### Data provided
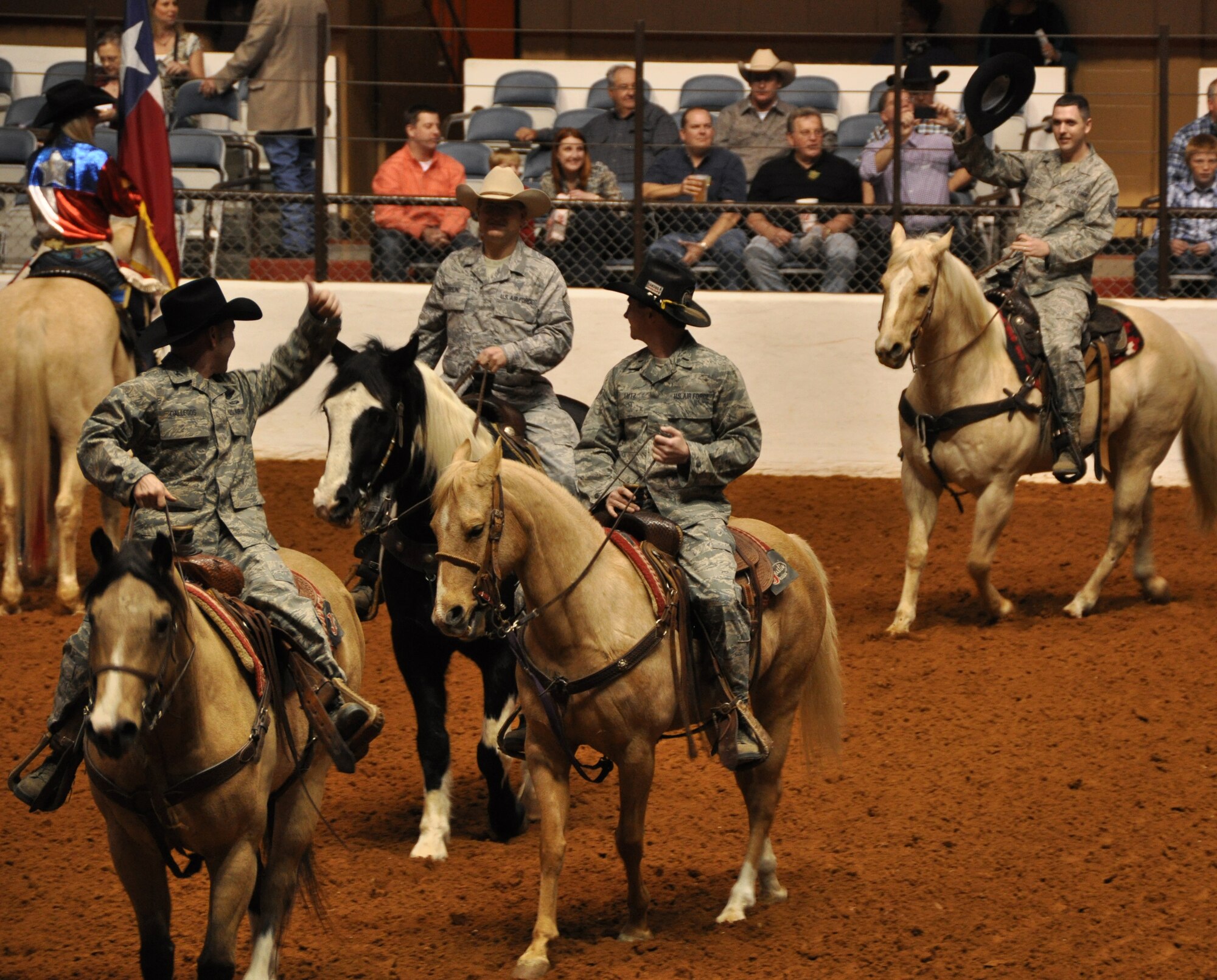 These Air Force Reservists, Colonel Kurt Gallegos, Master Sergeant Lindsay Estell, Master Sergeant Karl Freund and 1st Lieutenant Chad Lutz, stationed at Naval Air Station Fort Worth Joint Reserve Base, Texas, participated in the this year's Fort Worth Stock Show and Rodeo Military Appreciation Day's Grand Entry Feb. 4. Col. Gallegos is the former 301st Operations Group commander. MSgt Estell is a Medical Technician  with the 301st Medical Squadron. MSgt Freund is a Quality Assurance Inspector in the 301st Aircraft Maintenance Group and 1st Lt. Lutz is an F-16 pilot in the 457th Fighter Squadron. The Grand Entry signifys the start of each rodeo. (U.S. Air Force photo/Master Sgt. Julie Briden-Garcia)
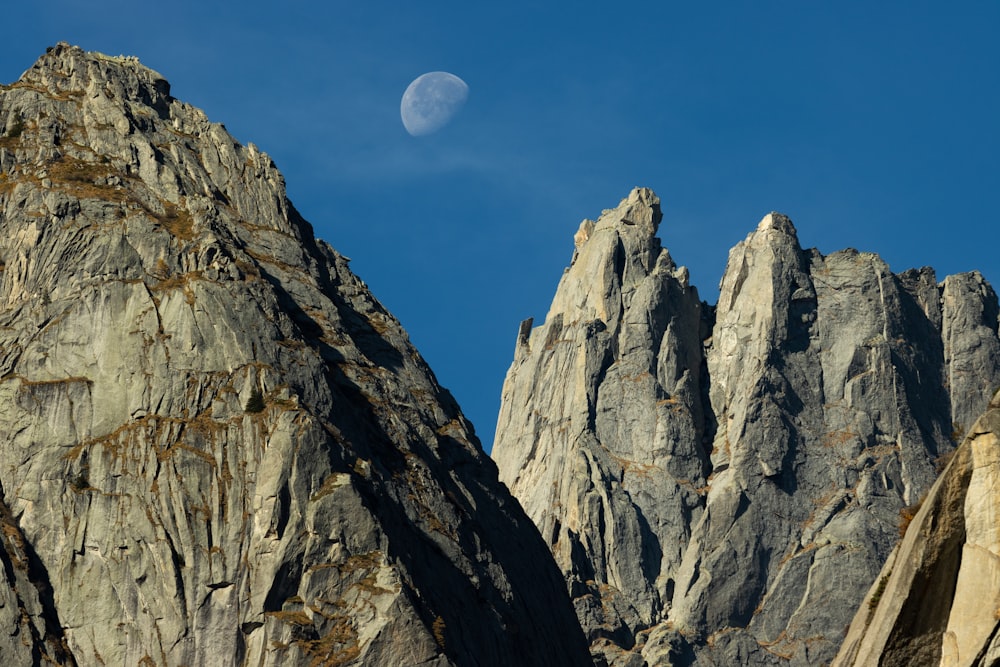 a mountain with a half moon in the sky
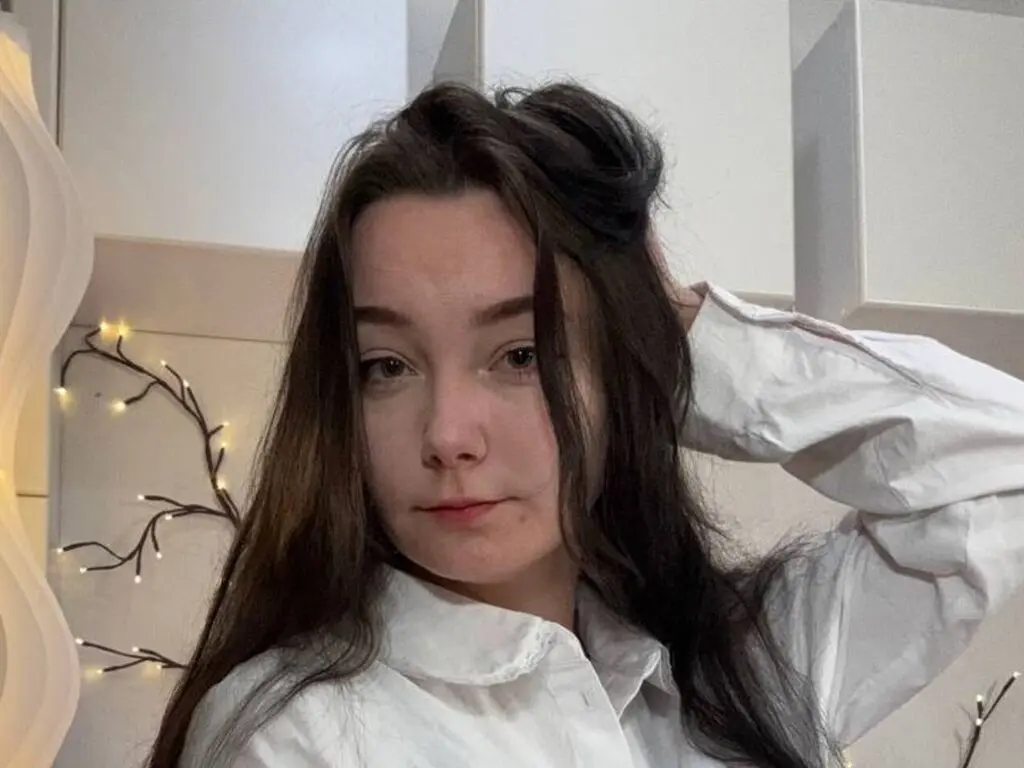Young woman with long brown hair wearing a white button-down shirt in a bright, minimalist room.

### About this task
Apart from the pictures, the material above has to be repeated exactly.

### Exercise answer
 These Air Force Reservists, Colonel Kurt Gallegos, Master Sergeant Lindsay Estell, Master Sergeant Karl Freund and 1st Lieutenant Chad Lutz, stationed at Naval Air Station Fort Worth Joint Reserve Base, Texas, participated in the this year's Fort Worth Stock Show and Rodeo Military Appreciation Day's Grand Entry Feb. 4. Col. Gallegos is the former 301st Operations Group commander. MSgt Estell is a Medical Technician  with the 301st Medical Squadron. MSgt Freund is a Quality Assurance Inspector in the 301st Aircraft Maintenance Group and 1st Lt. Lutz is an F-16 pilot in the 457th Fighter Squadron. The Grand Entry signifys the start of each rodeo. (U.S. Air Force photo/Master Sgt. Julie Briden-Garcia)
 a mountain with a half moon in the sky
Young woman with long brown hair wearing a white button-down shirt in a bright, minimalist room.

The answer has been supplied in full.